Last year, we published an article on the trending phenomenon known as "quiet quitting" and how it could impact lawyers. In recent months, a new phrase has come to light in response to quiet quitting: quiet hiring--arguably the opposite of quiet quitting. It's expected to dominate workplaces in 2023. But what exactly is quiet hiring?
Just like how quiet quitting isn't technically quitting, there is no actual hiring taking place within quiet hiring. It is the act of handing out new responsibilities to existing employees in order to expand the organization's skillset. These responsibilities may not necessarily fall within that employee's job description and unfortunately, they may not receive compensation for the extra workload.
Why is this happening?
Worker shortages, rising costs, and the prospect of recession have employers selecting to "quietly" delegate responsibilities to existing employees instead of putting time and money into new ones. This could range from minor tasks to major shifts in departments. For the overzealous employee eager to expand their resume, it may seem promising. It can bring new engagement to your workdays as you learn new things and improve upon yourself. However, keep in mind that there are two sides to every coin. Quiet hiring could improve your work life just as easily as it could harm it.
What does quiet hiring mean in the lawyer landscape?
Being a lawyer is one of the most stressful careers out there. With those billable hours, it's easy to fall into the trap of overworking yourself. It may be in your blood to rise to the challenge of new responsibilities, but you should proceed with caution. Your clients deserve to have ample time devoted to their cause. Each case deserves prominent attention to detail. If you have too much piled on your back, your work could suffer--or worse, you could experience burnout.

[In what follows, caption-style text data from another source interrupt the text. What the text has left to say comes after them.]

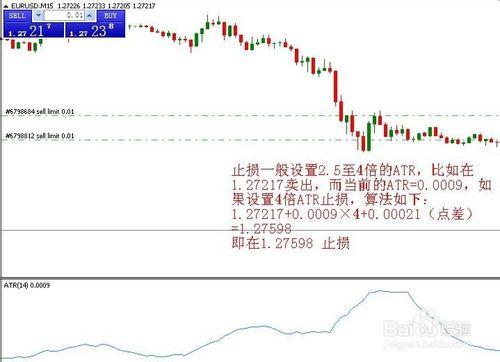 ATR指標如何插入到MT4中及其應用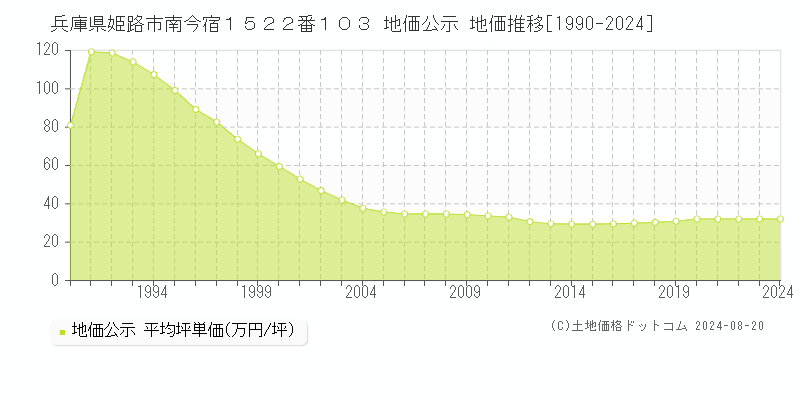 兵庫県姫路市南今宿１５２２番１０３ 地価公示 地価推移[1990-2023]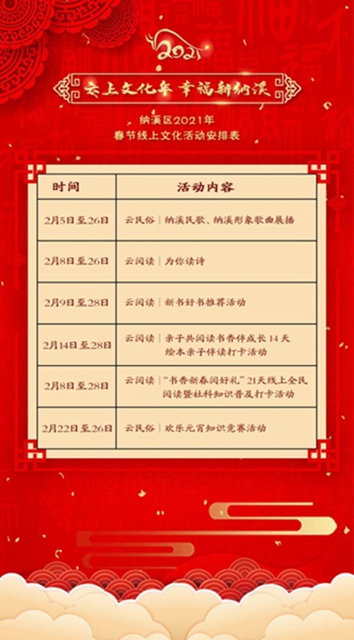 云畅游| 云上过春节,纳溪活动丰富多彩!(图3) 云畅游| 云上过春节,纳溪活动丰富多彩!(图3)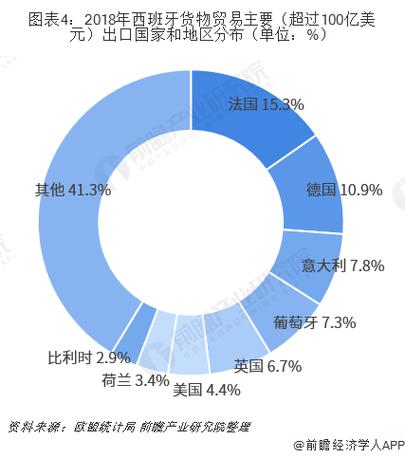 上海西班牙貨運價格查詢上海西班牙貨運價格查詢表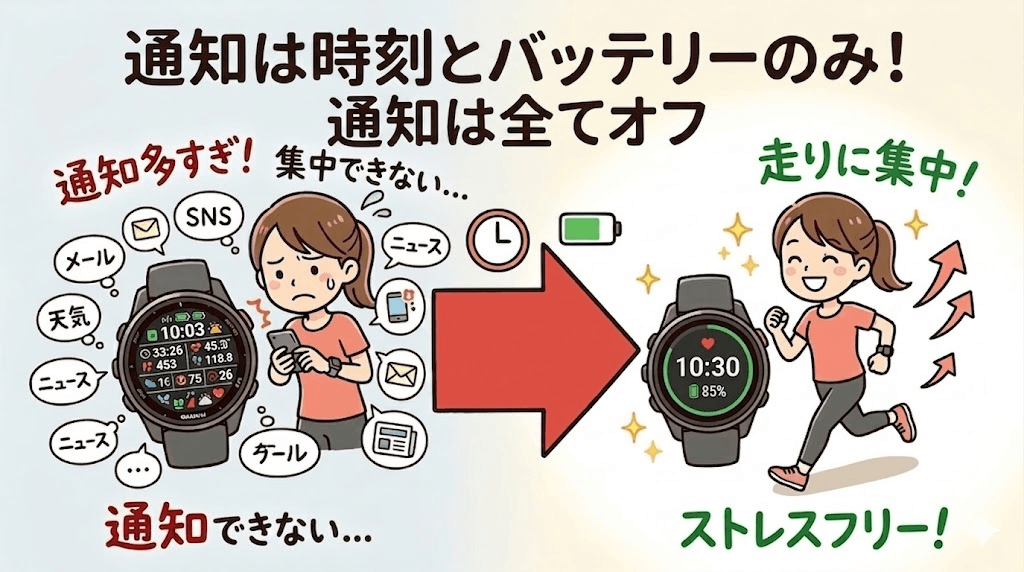 ガーミンの設定をシンプル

However, you might not get a say. A lawyer shortage could be on the horizon as young lawyers eye careers with a better work-life balance. An uptick in clients desperate for services could lead to heavier workloads across the board as law firms struggle to keep up with demand. In this economy, no one is safe from the effects of this worker shortage.
How do you make quiet hiring work as a strategy?

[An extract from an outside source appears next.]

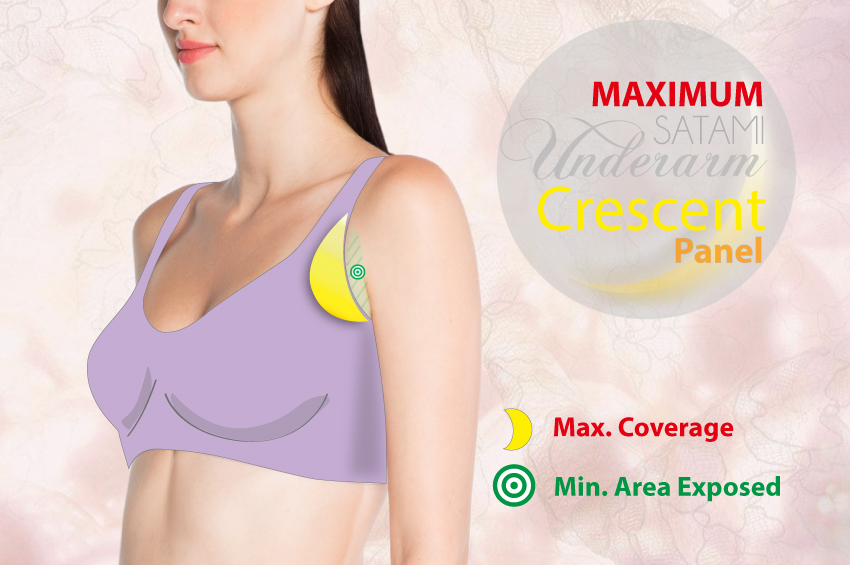 Are Bras Now Designed To Go Five Miles Into Your Armpit?, 60% OFF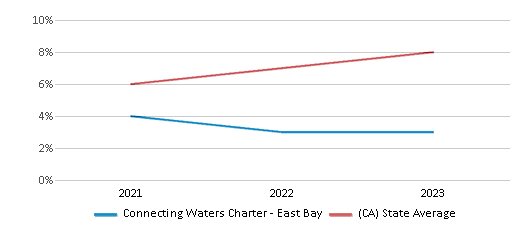 This chart displays the percentage of students who is eligible for reduced lunch in Connecting Waters Charter - East Bay and the percentage of public school students who is eligible for reduced lunch in California by year, with the latest 2022-23 school year data. This chart displays the percentage of students who is eligible for reduced lunch in Connecting Waters Charter - East Bay and the percentage of public school students who is eligible for reduced lunch in California by year, with the latest 2022-23 school year data.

If you are an employer who is leaning into quiet hiring, you need to be ready to reward those who take on new responsibilities. Extra work with zero compensation can lead to bitter feelings and low morale. Your hard-working employee may start looking towards greener pastures if they feel taken advantage of. The next thing you know, you're left with a hole in your workforce--which means you have to choose between hiring a replacement or spiraling even deeper into the "quiet hiring" domino effect.
To ensure that doesn't happen, make sure you're including your staff in the conversation and the decision to reallocate or add responsibilities. Maximize your employee's skillsets by giving them tasks that will align with their strengths. Adjust their compensation accordingly while keeping in mind that raises are less expensive than new hires!
If you are an employee, you too can make quiet hiring work for you. An expanded skillset raises your value. If you excel at your new tasks, use this as leverage for a promotion, a raise, or a bonus. If that's not in the budget, perhaps you could work out a different deal: for example, flexible hours or more opportunity for work-from-home. Make time to sit down with your boss and have a serious conversation. If employee retention is important to them, they should hear you out. If they can't give you that respect or repeatedly ignore your requests, then it's time to seek that respect elsewhere.
Throughout all of this, make a point to keep an eye on your work-life balance and if these new responsibilities will have a negative impact on your mental health. Nothing is worth sacrificing your health.
It's predicted that quiet hiring will hit our workplaces hard in the coming year. Quiet quitting could become a thing of the past as workers must meet their new responsibilities head on. Whether you're an employer or an employee, it's imperative to know how to best handle it and make it work for you if that time ever comes.